[Short web captions]
+-------+

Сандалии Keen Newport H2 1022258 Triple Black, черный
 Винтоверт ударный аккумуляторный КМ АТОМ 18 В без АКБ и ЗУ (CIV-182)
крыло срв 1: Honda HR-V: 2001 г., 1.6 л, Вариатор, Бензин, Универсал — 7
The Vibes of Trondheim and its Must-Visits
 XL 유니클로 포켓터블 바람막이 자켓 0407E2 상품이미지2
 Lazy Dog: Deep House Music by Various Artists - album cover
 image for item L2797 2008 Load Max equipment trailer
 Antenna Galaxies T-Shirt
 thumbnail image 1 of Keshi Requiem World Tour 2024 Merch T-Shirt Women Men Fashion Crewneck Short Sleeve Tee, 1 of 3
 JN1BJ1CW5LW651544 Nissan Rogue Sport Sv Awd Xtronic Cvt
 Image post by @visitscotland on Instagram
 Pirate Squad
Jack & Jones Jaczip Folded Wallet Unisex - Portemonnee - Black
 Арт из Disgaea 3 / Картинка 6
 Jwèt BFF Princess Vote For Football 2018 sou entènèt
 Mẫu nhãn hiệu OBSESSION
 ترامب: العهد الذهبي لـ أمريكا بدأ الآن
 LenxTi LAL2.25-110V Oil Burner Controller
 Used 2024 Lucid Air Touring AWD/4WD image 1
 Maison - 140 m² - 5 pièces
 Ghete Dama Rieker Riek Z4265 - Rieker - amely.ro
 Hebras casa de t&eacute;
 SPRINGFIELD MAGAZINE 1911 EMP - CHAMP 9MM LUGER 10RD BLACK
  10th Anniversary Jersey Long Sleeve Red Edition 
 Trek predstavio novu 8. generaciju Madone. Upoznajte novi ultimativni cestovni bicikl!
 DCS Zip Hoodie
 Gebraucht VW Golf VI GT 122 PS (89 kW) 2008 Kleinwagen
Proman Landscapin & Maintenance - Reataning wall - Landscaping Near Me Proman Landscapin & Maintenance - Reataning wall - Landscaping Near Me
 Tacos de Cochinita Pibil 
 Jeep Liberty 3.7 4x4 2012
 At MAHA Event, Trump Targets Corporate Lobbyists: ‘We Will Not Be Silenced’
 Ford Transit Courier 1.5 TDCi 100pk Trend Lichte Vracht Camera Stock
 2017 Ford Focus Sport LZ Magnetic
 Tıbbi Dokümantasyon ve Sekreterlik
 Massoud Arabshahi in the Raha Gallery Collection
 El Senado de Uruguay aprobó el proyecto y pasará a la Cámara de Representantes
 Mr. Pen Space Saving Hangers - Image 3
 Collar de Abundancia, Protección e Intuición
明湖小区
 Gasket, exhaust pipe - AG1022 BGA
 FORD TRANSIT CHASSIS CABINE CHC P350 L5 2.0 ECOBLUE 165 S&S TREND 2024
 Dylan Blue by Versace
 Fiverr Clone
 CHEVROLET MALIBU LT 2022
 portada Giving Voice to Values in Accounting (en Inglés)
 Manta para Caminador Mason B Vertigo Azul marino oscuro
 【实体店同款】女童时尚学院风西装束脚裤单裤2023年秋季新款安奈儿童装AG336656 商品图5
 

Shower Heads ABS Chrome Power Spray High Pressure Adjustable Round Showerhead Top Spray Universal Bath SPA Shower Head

+-------+

Filter the records, keeping only lines that contain "Sleeve", and show those lines.

 thumbnail image 1 of Keshi Requiem World Tour 2024 Merch T-Shirt Women Men Fashion Crewneck Short Sleeve Tee, 1 of 3
  10th Anniversary Jersey Long Sleeve Red Edition 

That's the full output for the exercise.